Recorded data

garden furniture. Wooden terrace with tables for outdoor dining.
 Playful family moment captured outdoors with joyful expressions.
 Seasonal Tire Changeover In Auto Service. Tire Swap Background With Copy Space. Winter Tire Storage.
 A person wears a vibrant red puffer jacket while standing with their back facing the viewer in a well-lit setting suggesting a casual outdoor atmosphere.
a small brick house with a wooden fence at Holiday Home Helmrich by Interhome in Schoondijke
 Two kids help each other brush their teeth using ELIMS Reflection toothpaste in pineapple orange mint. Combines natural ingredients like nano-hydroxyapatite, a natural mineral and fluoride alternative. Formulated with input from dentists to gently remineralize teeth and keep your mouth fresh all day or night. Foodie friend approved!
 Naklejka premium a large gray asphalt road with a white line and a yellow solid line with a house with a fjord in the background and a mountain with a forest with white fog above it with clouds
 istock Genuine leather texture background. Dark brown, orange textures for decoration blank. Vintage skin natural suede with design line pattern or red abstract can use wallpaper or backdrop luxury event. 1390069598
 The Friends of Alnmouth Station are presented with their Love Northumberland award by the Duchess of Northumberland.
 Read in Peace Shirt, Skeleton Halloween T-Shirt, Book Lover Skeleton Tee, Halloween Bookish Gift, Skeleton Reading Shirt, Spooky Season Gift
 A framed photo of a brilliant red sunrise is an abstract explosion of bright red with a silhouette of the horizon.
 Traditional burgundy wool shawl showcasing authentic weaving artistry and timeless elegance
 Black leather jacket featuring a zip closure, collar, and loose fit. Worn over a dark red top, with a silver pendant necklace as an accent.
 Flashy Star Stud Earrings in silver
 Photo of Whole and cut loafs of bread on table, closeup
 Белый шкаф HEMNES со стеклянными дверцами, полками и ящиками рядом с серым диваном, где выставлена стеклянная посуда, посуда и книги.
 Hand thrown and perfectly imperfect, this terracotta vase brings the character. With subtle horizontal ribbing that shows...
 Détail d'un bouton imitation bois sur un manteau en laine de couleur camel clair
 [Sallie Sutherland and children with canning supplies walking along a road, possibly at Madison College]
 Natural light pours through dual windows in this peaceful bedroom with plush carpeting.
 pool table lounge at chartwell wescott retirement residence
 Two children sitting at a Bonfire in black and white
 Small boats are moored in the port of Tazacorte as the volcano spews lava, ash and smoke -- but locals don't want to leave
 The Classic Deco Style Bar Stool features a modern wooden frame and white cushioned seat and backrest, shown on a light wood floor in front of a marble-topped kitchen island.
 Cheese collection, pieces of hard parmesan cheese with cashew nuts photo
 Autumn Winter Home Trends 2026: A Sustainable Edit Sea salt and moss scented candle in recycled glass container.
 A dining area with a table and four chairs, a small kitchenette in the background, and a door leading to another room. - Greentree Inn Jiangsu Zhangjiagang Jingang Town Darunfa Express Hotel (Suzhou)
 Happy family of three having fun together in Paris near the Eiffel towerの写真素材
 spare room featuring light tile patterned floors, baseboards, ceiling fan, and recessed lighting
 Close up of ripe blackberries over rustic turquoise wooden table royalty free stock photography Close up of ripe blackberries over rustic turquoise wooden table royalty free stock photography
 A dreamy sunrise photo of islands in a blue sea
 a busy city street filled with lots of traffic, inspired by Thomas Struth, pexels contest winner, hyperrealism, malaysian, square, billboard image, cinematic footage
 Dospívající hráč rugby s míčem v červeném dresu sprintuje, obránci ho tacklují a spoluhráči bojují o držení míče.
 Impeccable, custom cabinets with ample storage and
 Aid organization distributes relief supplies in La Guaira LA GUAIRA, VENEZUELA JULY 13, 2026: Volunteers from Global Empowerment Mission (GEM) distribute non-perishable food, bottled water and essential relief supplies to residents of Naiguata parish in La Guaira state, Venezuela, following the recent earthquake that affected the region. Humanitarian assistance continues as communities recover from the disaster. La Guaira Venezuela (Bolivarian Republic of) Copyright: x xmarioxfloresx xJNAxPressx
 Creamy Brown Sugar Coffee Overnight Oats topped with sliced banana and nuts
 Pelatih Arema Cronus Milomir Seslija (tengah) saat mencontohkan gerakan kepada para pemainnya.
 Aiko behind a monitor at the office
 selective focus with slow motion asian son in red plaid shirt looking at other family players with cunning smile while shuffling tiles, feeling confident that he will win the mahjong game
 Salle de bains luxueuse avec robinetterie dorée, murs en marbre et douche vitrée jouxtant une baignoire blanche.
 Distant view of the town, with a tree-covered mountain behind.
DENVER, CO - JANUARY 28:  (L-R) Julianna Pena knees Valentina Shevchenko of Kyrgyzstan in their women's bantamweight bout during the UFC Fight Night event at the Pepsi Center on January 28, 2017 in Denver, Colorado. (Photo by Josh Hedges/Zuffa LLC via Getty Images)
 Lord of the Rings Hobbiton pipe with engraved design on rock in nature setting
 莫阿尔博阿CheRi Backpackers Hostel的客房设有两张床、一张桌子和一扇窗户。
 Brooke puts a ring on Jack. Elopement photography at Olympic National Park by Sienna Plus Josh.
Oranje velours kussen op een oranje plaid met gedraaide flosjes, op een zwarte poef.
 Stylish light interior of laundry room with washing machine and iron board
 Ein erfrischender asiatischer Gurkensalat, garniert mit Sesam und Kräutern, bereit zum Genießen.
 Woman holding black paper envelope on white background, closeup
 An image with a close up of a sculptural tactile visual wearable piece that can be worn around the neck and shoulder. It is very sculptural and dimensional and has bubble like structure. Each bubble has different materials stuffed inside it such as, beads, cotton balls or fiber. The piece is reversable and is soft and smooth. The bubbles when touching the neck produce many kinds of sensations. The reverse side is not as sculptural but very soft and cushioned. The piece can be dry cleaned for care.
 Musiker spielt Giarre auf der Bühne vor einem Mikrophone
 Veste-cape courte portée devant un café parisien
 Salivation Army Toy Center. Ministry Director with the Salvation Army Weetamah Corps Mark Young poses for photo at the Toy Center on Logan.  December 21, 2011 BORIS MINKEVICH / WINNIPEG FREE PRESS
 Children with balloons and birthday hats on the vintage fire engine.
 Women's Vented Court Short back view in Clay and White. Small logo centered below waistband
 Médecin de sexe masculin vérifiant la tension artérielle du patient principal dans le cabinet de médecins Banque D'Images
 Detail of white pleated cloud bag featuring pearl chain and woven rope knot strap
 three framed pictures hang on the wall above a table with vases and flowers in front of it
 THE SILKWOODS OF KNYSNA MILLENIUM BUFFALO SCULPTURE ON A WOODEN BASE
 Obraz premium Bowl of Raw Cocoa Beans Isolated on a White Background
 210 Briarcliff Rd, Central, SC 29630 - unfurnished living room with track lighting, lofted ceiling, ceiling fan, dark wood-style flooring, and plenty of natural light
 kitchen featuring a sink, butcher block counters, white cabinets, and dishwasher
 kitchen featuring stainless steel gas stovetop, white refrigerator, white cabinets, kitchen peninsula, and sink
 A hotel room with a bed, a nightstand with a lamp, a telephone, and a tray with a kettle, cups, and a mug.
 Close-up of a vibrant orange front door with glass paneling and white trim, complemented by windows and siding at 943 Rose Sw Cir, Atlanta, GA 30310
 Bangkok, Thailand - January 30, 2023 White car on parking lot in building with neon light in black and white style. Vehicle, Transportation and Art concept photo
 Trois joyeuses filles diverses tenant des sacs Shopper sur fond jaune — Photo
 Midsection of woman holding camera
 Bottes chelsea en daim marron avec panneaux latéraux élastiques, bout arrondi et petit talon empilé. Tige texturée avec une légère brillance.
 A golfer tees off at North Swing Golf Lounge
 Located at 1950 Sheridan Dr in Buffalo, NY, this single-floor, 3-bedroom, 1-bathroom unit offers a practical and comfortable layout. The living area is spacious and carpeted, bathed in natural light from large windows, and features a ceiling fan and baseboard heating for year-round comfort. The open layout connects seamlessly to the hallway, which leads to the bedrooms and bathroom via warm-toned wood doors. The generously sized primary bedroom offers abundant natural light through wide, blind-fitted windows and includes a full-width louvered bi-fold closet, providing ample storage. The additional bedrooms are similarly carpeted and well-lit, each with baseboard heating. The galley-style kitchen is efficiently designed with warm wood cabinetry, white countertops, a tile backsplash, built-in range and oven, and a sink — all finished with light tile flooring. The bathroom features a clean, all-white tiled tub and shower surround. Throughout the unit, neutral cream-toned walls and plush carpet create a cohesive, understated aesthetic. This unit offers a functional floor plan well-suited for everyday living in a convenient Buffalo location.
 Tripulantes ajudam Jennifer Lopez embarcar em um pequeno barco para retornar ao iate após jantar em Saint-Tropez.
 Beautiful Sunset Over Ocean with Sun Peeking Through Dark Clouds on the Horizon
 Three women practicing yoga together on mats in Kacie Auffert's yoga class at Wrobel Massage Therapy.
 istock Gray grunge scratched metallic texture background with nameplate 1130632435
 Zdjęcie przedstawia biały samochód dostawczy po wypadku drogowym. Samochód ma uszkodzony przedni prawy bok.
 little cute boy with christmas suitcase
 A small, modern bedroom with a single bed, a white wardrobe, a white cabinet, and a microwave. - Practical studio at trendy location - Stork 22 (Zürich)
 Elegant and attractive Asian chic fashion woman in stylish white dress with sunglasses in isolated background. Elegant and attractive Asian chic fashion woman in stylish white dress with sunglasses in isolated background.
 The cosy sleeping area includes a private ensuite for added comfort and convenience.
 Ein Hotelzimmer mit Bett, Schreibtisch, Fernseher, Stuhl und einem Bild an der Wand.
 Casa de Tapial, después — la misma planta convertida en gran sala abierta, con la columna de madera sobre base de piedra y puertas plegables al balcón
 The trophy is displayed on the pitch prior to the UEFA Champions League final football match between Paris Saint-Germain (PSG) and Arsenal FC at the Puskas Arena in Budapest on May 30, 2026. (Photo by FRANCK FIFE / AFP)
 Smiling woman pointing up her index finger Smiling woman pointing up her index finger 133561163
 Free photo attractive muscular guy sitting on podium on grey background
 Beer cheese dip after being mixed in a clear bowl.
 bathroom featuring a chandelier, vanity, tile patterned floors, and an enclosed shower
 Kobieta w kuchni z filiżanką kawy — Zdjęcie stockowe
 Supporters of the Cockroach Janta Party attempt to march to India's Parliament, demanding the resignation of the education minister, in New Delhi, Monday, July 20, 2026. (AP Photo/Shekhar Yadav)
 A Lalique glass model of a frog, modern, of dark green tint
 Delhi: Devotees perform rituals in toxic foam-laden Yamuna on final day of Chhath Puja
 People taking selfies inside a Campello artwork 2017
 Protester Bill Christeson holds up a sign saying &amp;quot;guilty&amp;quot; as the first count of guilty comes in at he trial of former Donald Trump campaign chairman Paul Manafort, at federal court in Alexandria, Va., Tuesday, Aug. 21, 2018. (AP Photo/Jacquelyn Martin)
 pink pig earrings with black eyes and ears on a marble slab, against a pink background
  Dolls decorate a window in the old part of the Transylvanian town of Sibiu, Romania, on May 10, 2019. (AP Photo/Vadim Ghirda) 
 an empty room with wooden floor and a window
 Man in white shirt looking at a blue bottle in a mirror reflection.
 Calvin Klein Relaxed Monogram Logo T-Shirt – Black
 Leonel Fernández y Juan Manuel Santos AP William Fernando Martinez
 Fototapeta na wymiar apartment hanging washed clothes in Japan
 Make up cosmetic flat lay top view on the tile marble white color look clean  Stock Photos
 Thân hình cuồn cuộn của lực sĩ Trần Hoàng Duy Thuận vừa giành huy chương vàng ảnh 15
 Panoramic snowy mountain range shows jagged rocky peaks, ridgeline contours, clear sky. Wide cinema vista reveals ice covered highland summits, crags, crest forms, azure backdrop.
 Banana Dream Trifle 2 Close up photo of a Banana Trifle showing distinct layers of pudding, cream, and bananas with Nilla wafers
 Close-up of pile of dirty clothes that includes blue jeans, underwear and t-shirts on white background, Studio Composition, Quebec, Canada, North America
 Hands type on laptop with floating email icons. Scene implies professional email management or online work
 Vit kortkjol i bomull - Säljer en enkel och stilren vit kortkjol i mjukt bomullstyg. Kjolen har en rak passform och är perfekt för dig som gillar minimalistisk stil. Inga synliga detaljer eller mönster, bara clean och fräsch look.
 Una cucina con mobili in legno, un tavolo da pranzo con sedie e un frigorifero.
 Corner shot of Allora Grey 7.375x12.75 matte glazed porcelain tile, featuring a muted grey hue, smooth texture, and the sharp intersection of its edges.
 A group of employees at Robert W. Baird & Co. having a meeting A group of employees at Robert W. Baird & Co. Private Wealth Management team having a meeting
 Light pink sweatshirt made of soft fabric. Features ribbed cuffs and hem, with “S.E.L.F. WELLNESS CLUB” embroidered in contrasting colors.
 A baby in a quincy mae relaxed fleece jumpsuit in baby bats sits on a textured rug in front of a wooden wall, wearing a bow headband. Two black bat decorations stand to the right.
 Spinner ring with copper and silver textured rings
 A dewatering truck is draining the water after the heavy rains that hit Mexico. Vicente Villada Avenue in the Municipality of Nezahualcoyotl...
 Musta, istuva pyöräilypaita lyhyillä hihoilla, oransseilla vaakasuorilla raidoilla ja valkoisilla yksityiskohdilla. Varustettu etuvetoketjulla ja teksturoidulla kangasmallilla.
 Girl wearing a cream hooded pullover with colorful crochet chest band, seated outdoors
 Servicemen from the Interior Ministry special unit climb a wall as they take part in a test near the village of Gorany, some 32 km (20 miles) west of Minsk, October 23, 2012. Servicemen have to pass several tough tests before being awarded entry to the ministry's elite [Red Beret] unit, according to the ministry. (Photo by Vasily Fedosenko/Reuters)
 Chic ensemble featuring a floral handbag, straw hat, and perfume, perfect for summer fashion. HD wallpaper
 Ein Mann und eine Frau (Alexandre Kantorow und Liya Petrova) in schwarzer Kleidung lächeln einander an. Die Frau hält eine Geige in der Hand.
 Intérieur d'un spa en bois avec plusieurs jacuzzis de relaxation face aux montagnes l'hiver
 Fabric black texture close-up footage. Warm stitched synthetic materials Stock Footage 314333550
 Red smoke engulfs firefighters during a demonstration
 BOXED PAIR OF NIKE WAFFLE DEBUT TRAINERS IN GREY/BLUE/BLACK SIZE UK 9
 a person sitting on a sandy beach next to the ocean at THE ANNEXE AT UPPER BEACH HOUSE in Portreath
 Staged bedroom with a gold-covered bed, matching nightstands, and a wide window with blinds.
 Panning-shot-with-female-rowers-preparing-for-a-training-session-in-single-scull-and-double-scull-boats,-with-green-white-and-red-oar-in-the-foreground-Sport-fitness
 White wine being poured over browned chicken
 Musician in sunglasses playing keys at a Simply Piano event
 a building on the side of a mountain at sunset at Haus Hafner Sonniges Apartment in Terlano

§ **WORK REQUEST**
Search the entries for "silver" and copy each matching line.

§ **ANSWER**
 Black leather jacket featuring a zip closure, collar, and loose fit. Worn over a dark red top, with a silver pendant necklace as an accent.
 Flashy Star Stud Earrings in silver
 Spinner ring with copper and silver textured rings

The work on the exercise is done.